Feelings

By October 15, 2019Feelings, Opinion

Storytelling

By Jing Villamil

DO you still read, or share from your own stocked knowledge, a bedtime story to your child to prepare him or her to sleep? Sadly, in a research made by technology developer TomTom last February, covering 1000 parents with children ages 3 to 10 as subjects, only a third of the number still told stories at bedtime. Most common reasons why not were “fatigue at the end of the day” and “daily commute”.

This is a pity, as the bedtime story is a traditional institution in many families all over the world that yields many significant benefits for parents and children alike. Bedtime storytelling as a fixed routine improves the children’s brain development, mastery of language especially verbal, and the skill of thinking along logical lines. It also increases the emotional bond between parent and child. And because children have this strong imitative instinct, the stories and characters act as guides for them to distinguish between “good” and “evil”. And with a parent’s insightful selection, these stories can teach the abstract virtues of sympathy, kindness, unselfishness, self-control, etc. As the children grow older and the theme of these stories are broadened, so are the children’s conception of the lives and feelings of others.
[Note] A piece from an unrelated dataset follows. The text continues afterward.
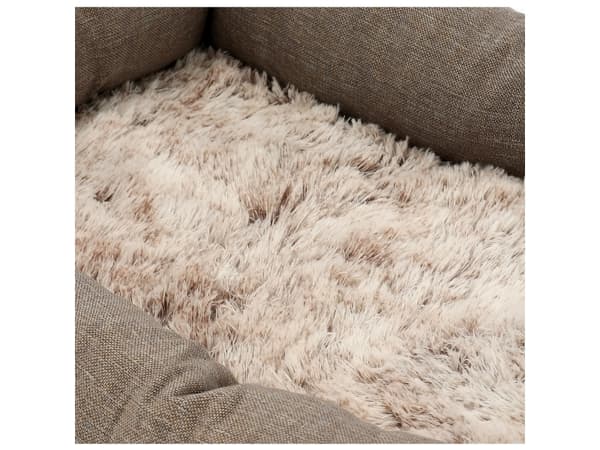 DOGMAN Seng Classy Memo. rect. bei XL 89cm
These stories can also be used to introduce and discuss darker subjects as death, illness, peer rejection, bullying, depression, social class distinction and separatism, etc. Words of caution to the parents: stories the children remember with much fondness may turn out to be too cruel and gruesome. So tread cautiously when choosing stories touching on these “dark” themes.

For Little Red Ridinghood and her grandma must probably have been eaten by the fox, if not for the timely modern revision of the script. Dear Rapunzel, Rapunzel was snatched from her Queen Mother by a witch, whom the matured Rapunzel, Rapunzel dropped down her high tower by pretending she was still attached to her longest many-storeyed hair, when in fact, she was no longer.

Cinderella was made a virtual maid in her own home, polishing floors and boots, washing dishes and clothes, for a family she was not even connected to by blood. And until a fairy godmother and her army of animals and plants interceded, Cinderella would still be sniffing cinders with not a glass shoe in sight

And how about Snow White who was so beautifully dumb as to bite unto an apple from a complete stranger so suspiciously unnaturally bent and ugly and truly witchy when she knew she had an evil stepmother who turned into a witch from one scam to another. And she fell for the first witch who just happened to drop by the dwarves’ hut in the forest so far from civilization where she hid on witness protection? Haaaay.

No wonder I would rather sing to the children a lullaby to “lull” them, and me, to sleep: rock-a-bye baby on the treetop . . .

Wait a minute. Why rock-a-bye, why place the baby on a cradle on the treetop?

Had we been singing okay to infanticide since the wind blew, the bough broke a long, long time ago?!